Appellant’s claim is that the trial court erred in “holding in its order distributing the commissioners’ award that the respondent Union Terminal Railway Company and the respondent Union Terminal Railway Company, Inc., owned a fee simple interest in part of Tract No. 707 and that the respondent Union Terminal Railway Company owned a fee simple interest in all of tracts 703, 719, 720, 721 and 722.” The basis for appellant’s claim that the percentage of apportionment allotted by the trial court, which carries through to the jury trial on the exceptions to the commissioners’ award as filed by the various parties is that it could preclude appellant from bringing before the jury possible title defects and their effect on valuation of the market value of the property “if the determination of interests in the court’s Order did actually decide the strength of the title of the respondents.”
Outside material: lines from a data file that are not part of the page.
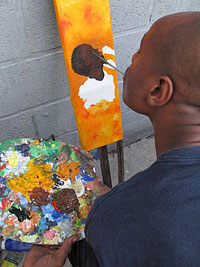 Herold Alvares mouth paints on canvas stretched on an old wooden crutch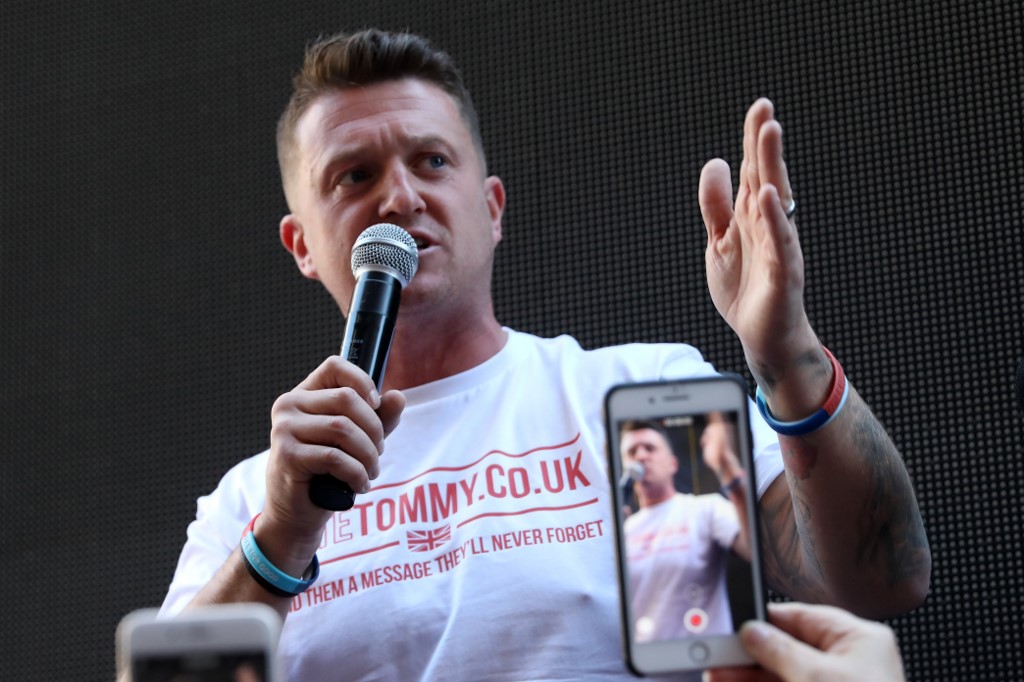 Tommy Robinson addresses supporters in central London on 14 May (AFP)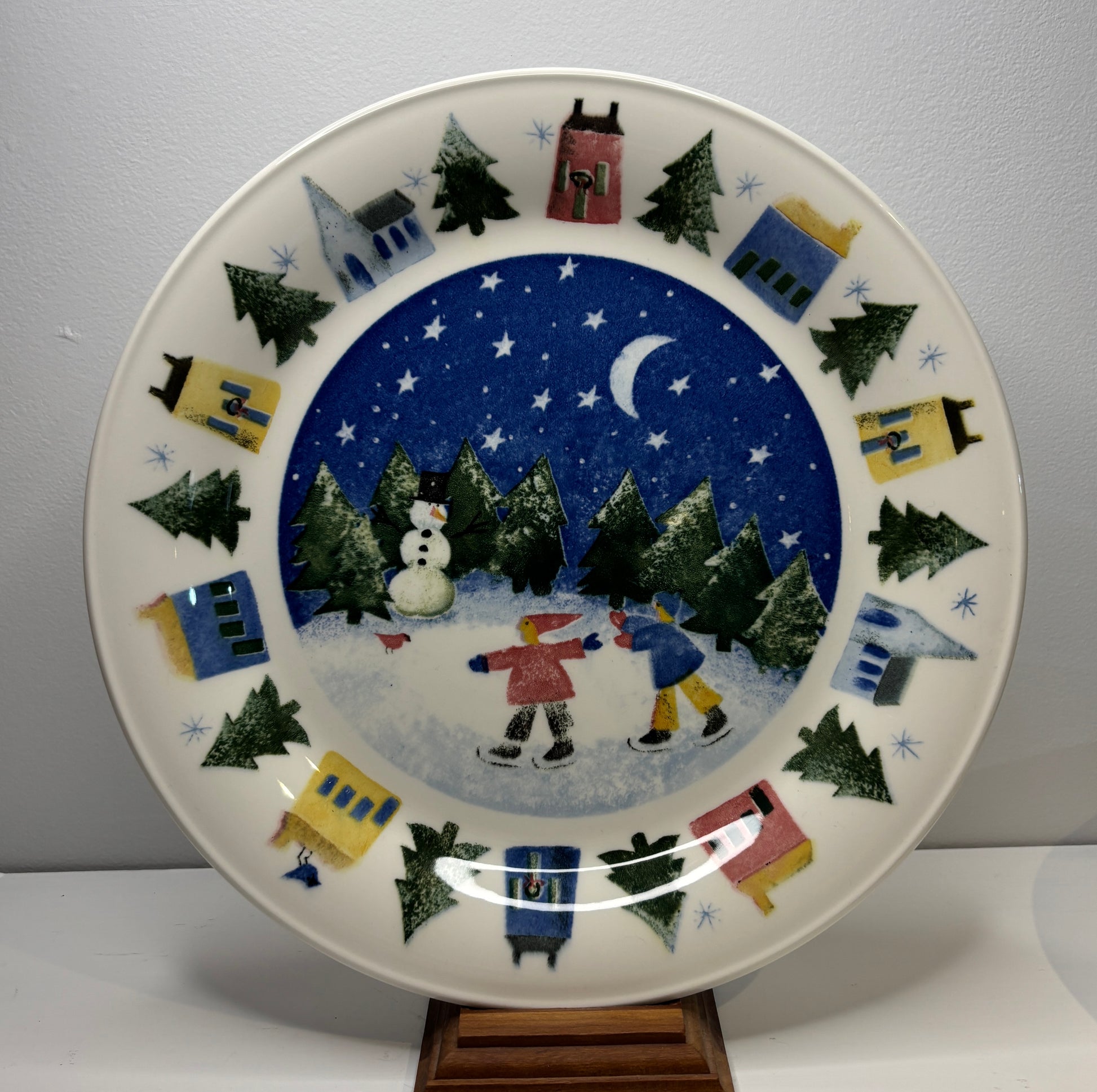 Decorative plate with winter scene of children skating and snowman, on a plain background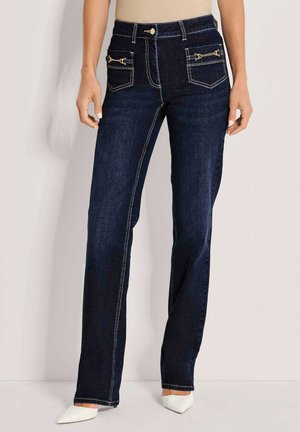 Vrouw draagt donkerblauwe jeans met rechte pijpen en voorzakken met gouden kettingdetails, gecombineerd met witte schoenen met puntige neus.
The matter of whether appellant is an “aggrieved” party with a right of appeal under § 512.020, RSMo 1969, must first be *762noticed. It claims that it is aggrieved by reason, as condemnor, of being made an interested party under the apportionment statute, § 523.053(1), RSMo 1969. It would appear that this statute is merely for the protection of the condemnor where a con-demnee, after exceptions are filed, draws down the commissioners’ award pending the final award as determined by the jury. It is highly doubtful that appellant is aggrieved by the court’s order of apportionment in the sense that it has suffered a pecuniary loss as the result of the order. “The con-demnor is not concerned with the rights of rival claimants to the award because the fund deposited in court is substituted for the property taken in condemnation.” State ex rel. Highway Commission v. Paul, et al., 368 S.W.2d 419, 423 (Mo.banc 1963). Appellant has never claimed any interest or title to the property being condemned by it. “[OJrdinarily a judgment or decree which affects or determines rights in particular property does not aggrieve a party who has, or claims, no interest or title to the property, * * Campbell Street Lumber Company v. Central Mortgage Co., et al., 436 S.W.2d 57, 60 (Mo.App.1968). Because of the importance of the question of the admissibility of evidence bearing upon the sole ownership of respondents as it may arise upon trial of the damage issues to a jury (i. e., the issues of whether any defects of title bear upon the evaluation of the fair market value of the property, this court [treating appellant as an aggrieved party only in the sense of its entitlement at a later trial to introduce evidence that respondents owned less, than a fee simple, and treating the case in the nature of a declaratory judgment of the rights of the parties in that respect]) will examine the pleadings and evidence to ascertain if the trial court did in fact properly determine ownership to be in respondents as an incident to the apportionment order.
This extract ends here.